# INSTRUCTIONS FOR THE TASK
Below, locate the line that contains "Girls Swimsuits Tankini". Repeat exactly from that line to the line that contains "Forever Love Necklace", inclusive, leaving out the pictures.

# PROVIDED RECORDS

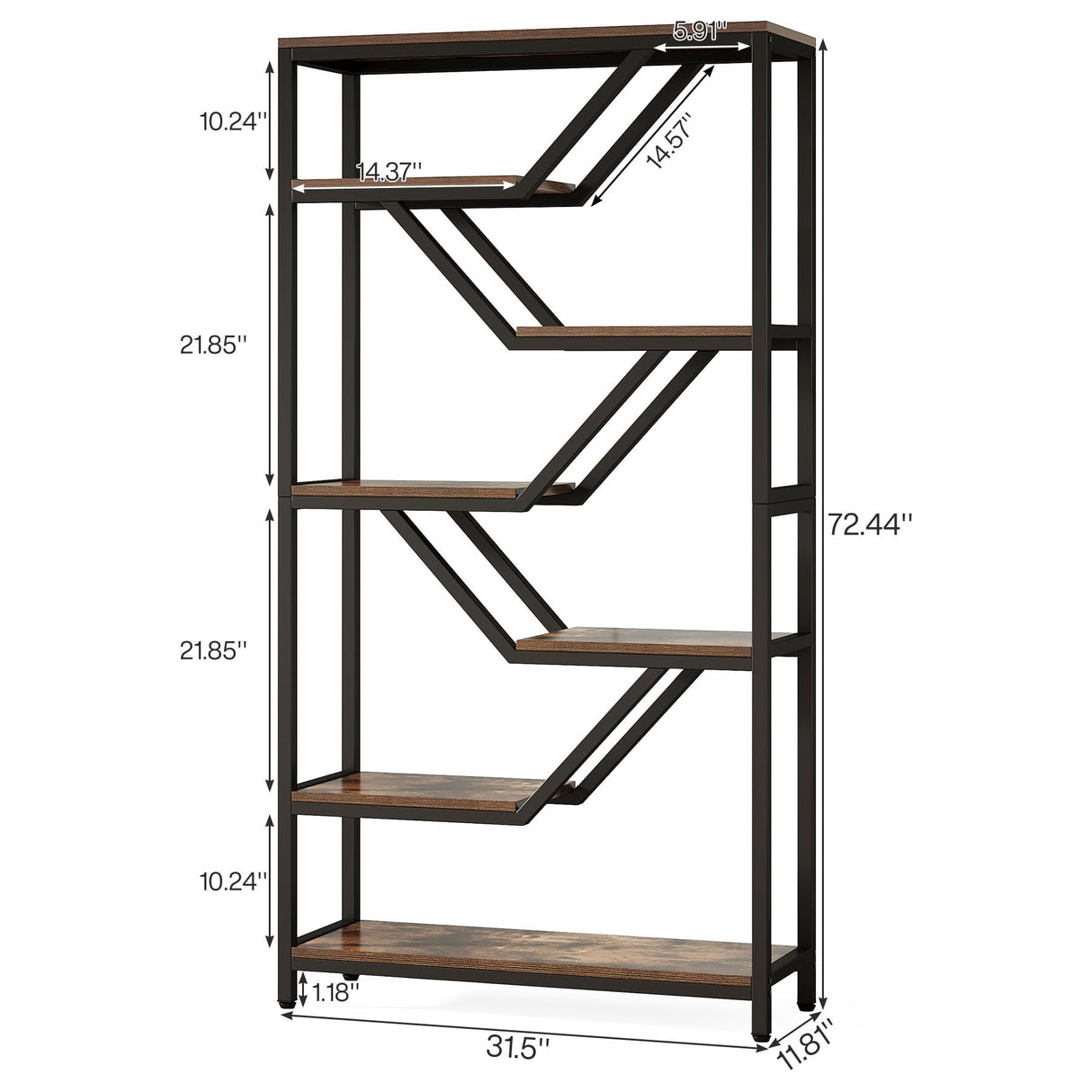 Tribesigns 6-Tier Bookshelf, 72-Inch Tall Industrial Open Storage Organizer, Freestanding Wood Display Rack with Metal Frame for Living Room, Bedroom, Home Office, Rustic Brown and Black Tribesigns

---

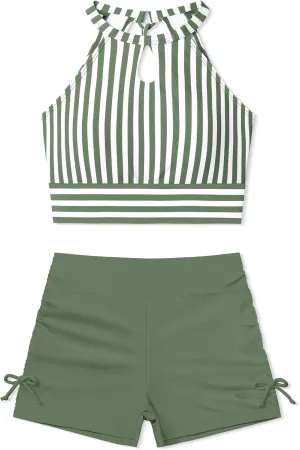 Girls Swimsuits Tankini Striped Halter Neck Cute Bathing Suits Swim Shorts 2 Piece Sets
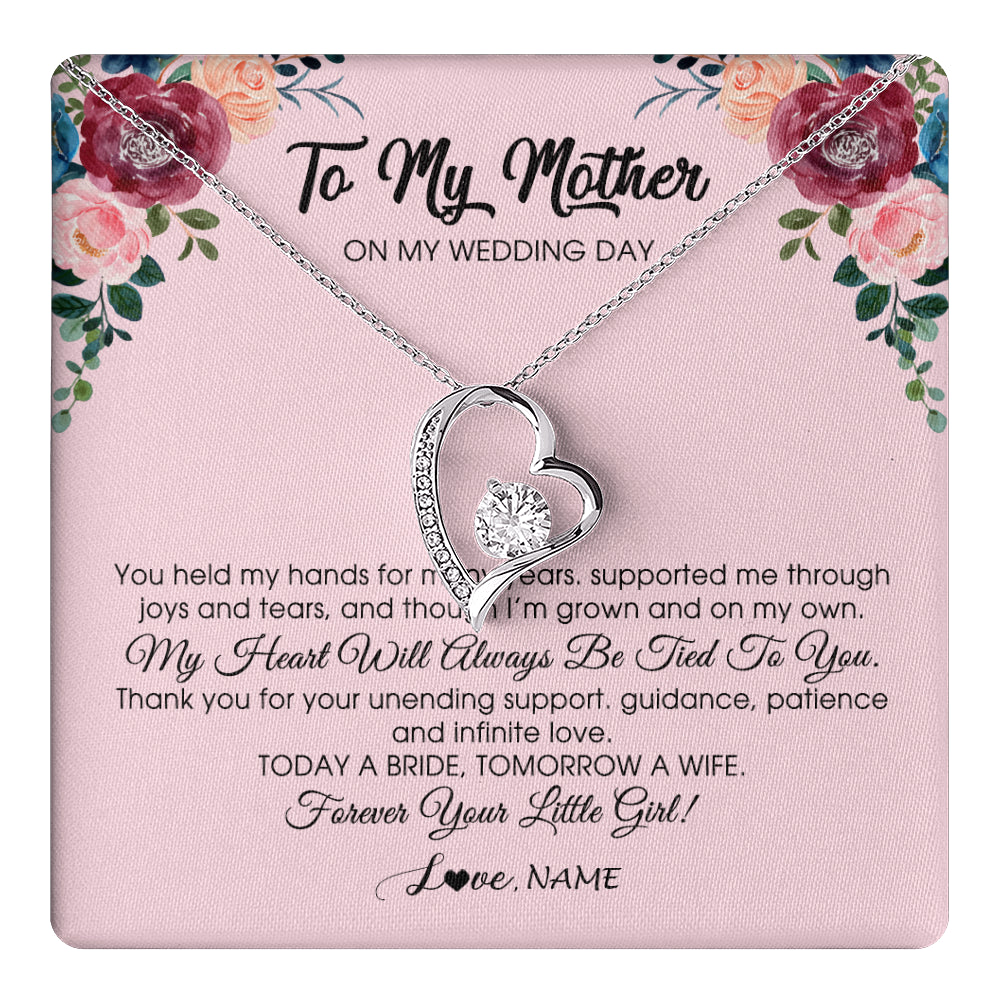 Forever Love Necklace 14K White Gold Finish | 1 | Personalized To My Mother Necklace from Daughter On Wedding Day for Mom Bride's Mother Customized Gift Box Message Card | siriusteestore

# COMPLETED EXERCISE
 Girls Swimsuits Tankini Striped Halter Neck Cute Bathing Suits Swim Shorts 2 Piece Sets
 Forever Love Necklace 14K White Gold Finish | 1 | Personalized To My Mother Necklace from Daughter On Wedding Day for Mom Bride's Mother Customized Gift Box Message Card | siriusteestore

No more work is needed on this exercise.